Here are the maximum HSA contribution limits for 2025 and 2026:

What are the benefits of having a health savings account if you are self-employed?
An HSA is a financial tool that you have, saves you money and provides tax benefits. Here are some additional benefits that can be useful for self-employed individuals:
- Deposits stay in your account until you use them.
- You are not required to donate a minimum amount.
- You can invest the funds.
- You can use funds for qualified medical expenses.
Unlike a flexible spending accountwhich requires you to use or lose the money you save, your HSA dollars roll over each year until you use them. You will not be penalized if you do not deposit into your account. There is no minimum contribution each year, but there is a limit on the amount you can make. You can get the most out of your HSA contributions by investing your money. As your money grows, you’ll have more money to fund future medical expenses.
An HSA pairs well with HDHP coverage because it covers qualified expenses you incur before your deductible is met. This includes, but is not limited to:
For a complete list of qualified expenses, check IRS Publication 502. It CARES Act: added over the counter medication and: menstrual products to the list.
What are the downsides of an HSA?
The benefits of an HSA only come if you don’t know how to take full advantage of them. Here are some potential downsides you should consider, including:
- Insurance plan requirements. Only individuals enrolled in a qualified HDHP can contribute to an HSA. With this type of plan, you must pay out-of-pocket for your health care costs until you reach your deductible, which can be thousands of dollars.

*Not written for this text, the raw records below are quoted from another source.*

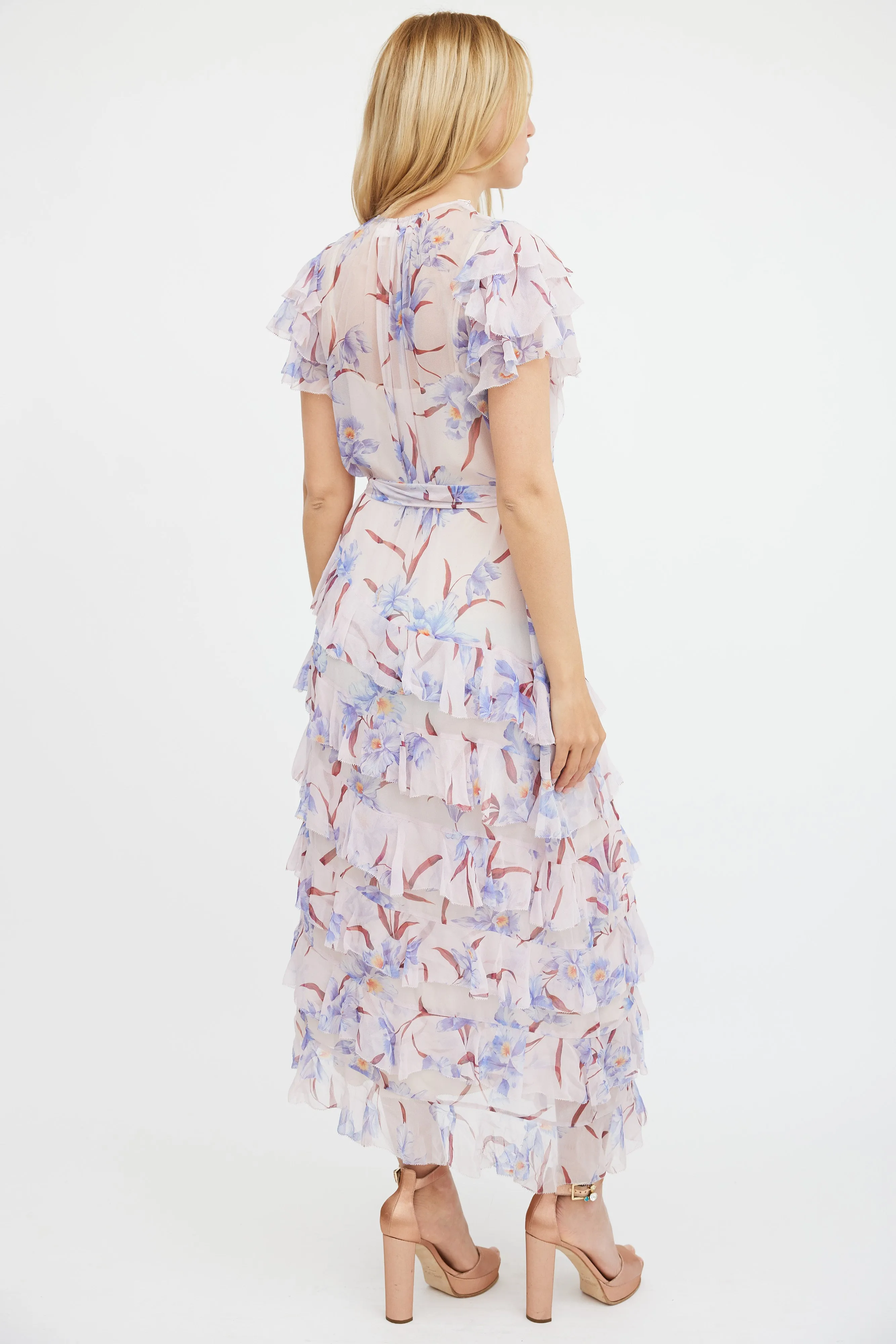 Pink & Multicolour Floral Sheer Ruffled Corsage Dress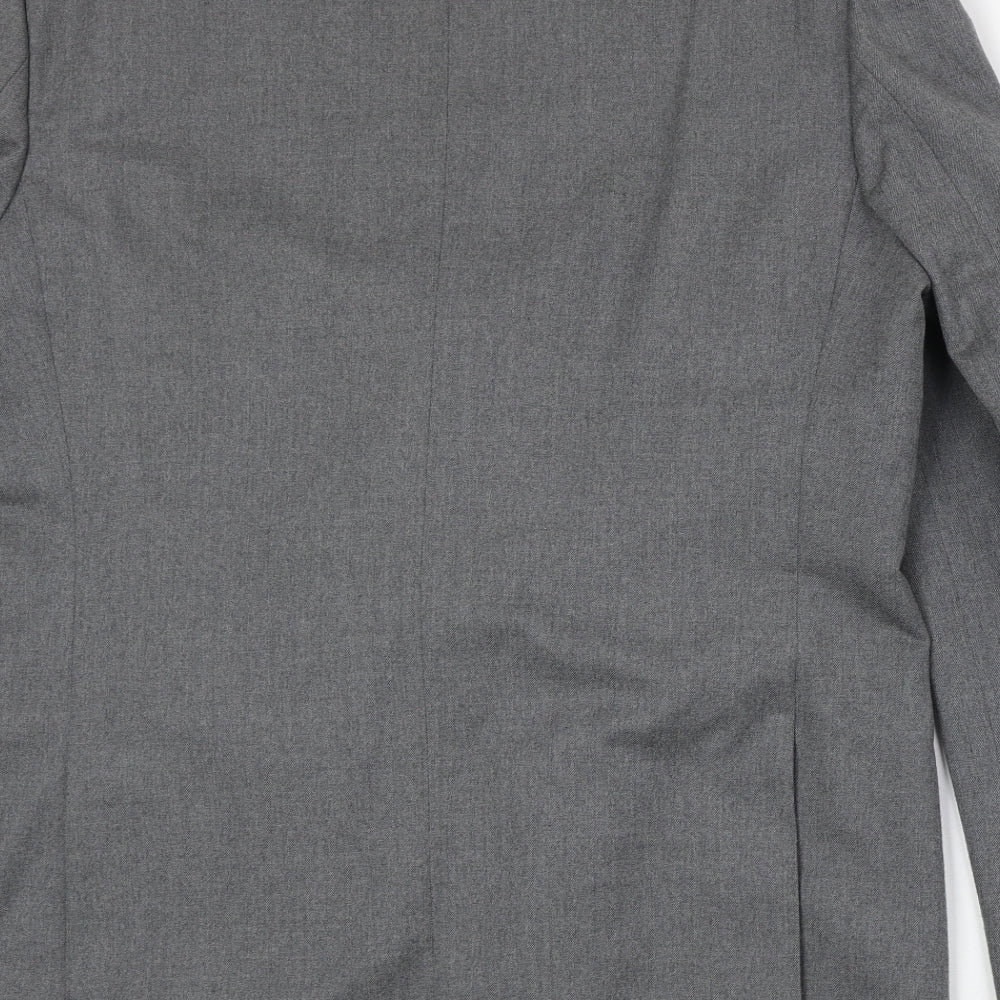 Pinstripe Mens Grey Polyester Jacket Suit Jacket Size 44 Regular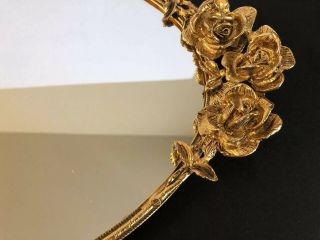 Large VINTAGE ROSE GILT GOLD (Brass) VANITY DRESSER MIRROR TRAY 21 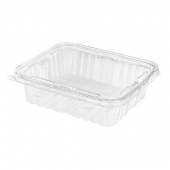 Inline Plastics - Safe-T-Fresh Container, 48 oz Tamper Evident Tear Strip Lock, Clear PET Plastic Hi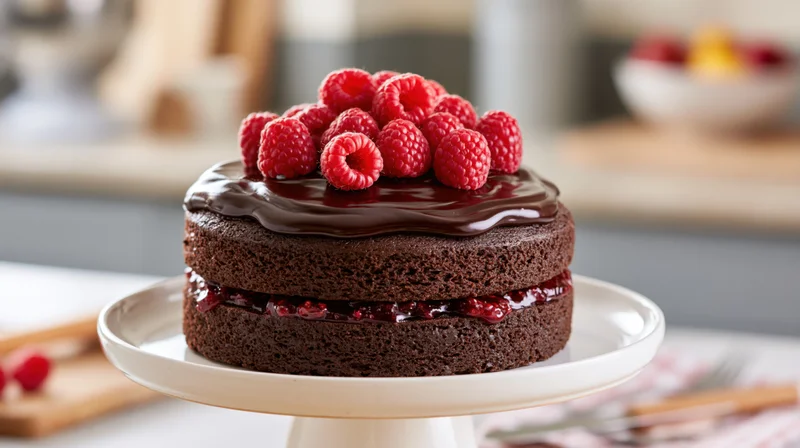Two-layer chocolate cake with raspberry topping on a white ceramic stand in a kitchen setting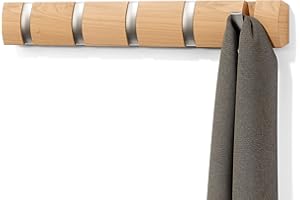 Umbra Flip Attaccapanni da parete con 5 ganci ribaltabili, Frassino, Naturale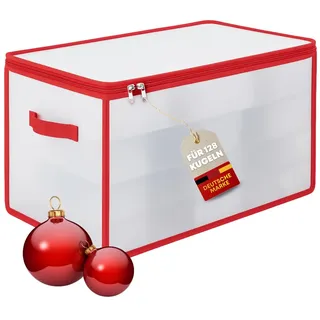 Quality-Collection Weihnachtskugel Aufbewahrungsbox XL | Für 128 Weihnachtskugeln | Sichere & stilvolle Aufbewahrung für Weihnachten | Christbaumkugeln | Christbaumschmuck | Faltbar mit Reißverschluss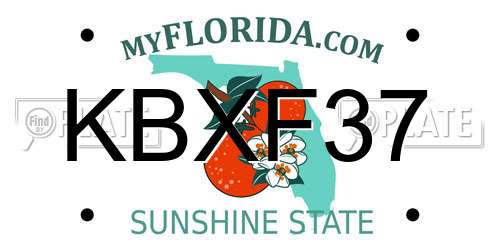 KBXF37 Florida License Plate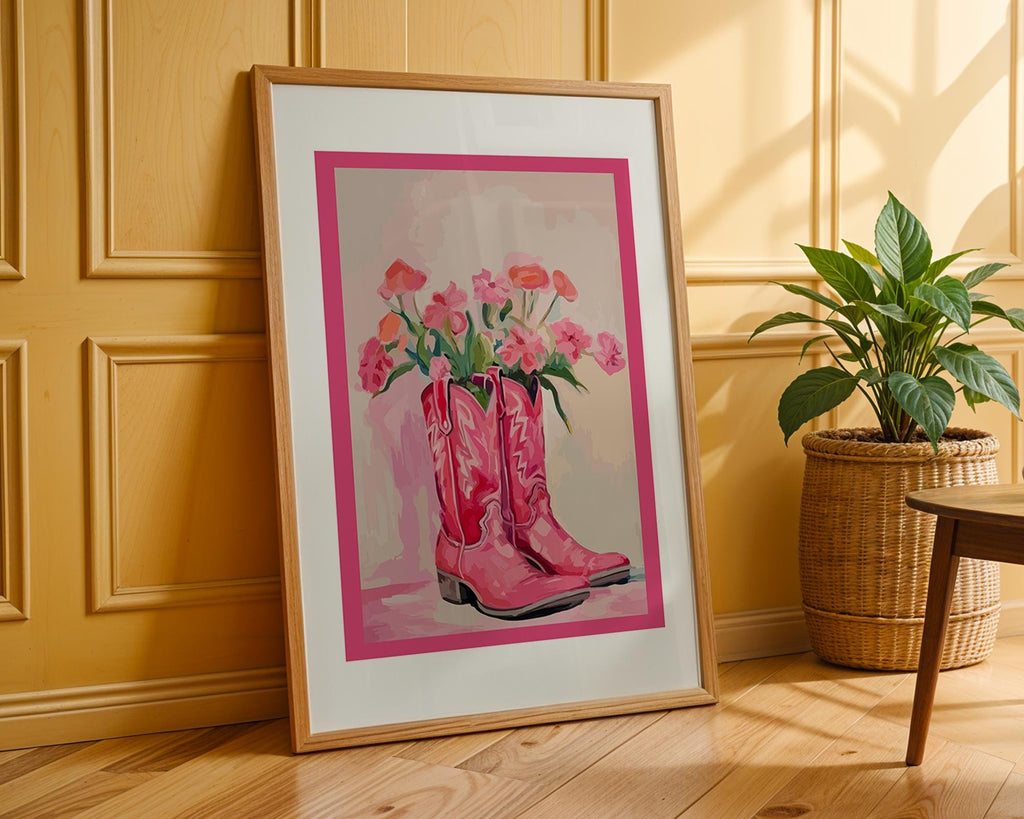 Pink Cowboy Boots Floral Print | Retro Western Wall Art wall art print, modern home decor, unframed artwork by Nomad & Nest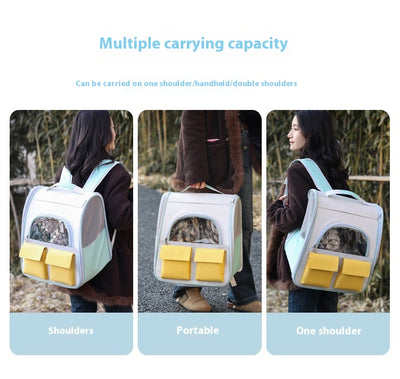 Mochila Transparente para Gatos de Gran Capacidad con Lona - Image 23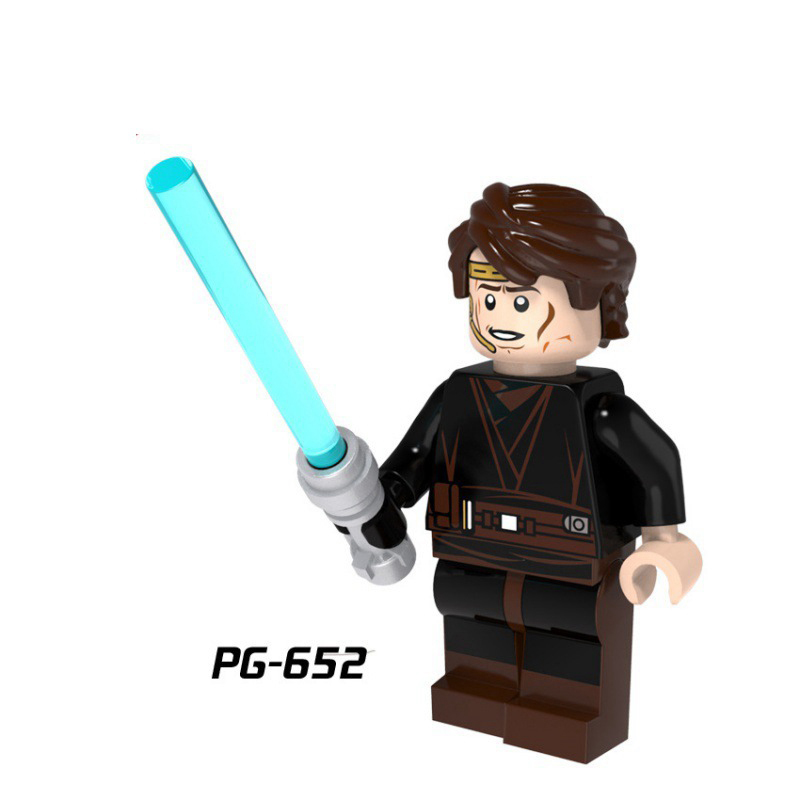 PG8021 American Science Star Wars Series Jedi Knight Minifigs Luke Building Blocks Assembled Lightsaber Weapon Boy Toy Kids Gifts
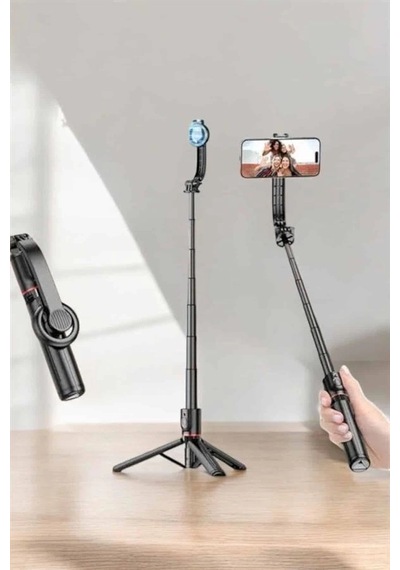 Ceylan Adam Kumandalı Tripod Telefon Tutucu Selfie Çubuğu 360 Derece Dönebilen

- Annual investment limits. There is a limit to how much you can contribute to an HSA each year. If you contribute beyond the limits, you may face a 6% overpayment penalty.
- Expenditure restrictions. Your HSA is used to pay for qualified medical expenses. If you spend your HSA dollars on non-qualified expenses, you’ll owe income tax on the distribution. You will also be fined if you are under 65.
- Investment risks. If you invest the funds in your HSA, your investment may lose value if market conditions are not favorable.
- Account fees. Depending on your HSA provider, you may pay for services such as account maintenance, investments, transactions, and paper statements.
- Noncompliance with Medicare. You can no longer contribute to an HSA after you enroll in Medicare. But you’ll still be able to use your account funds to pay for qualified medical expenses.
Bottom line:
Self-employed individuals can contribute money to an HSA and use the funds to pay for qualified medical expenses. If you want to open an account, make sure you have a qualifying health plan and understand the HSA rules. You should also inquire about account requirements to make sure you don’t incur any unexpected charges. An HSA can be very useful for self-employed individuals, but it’s important to do your research to determine if it’s the best account for your needs.
This story was produced GoodRx: and revised and distributed Stacker.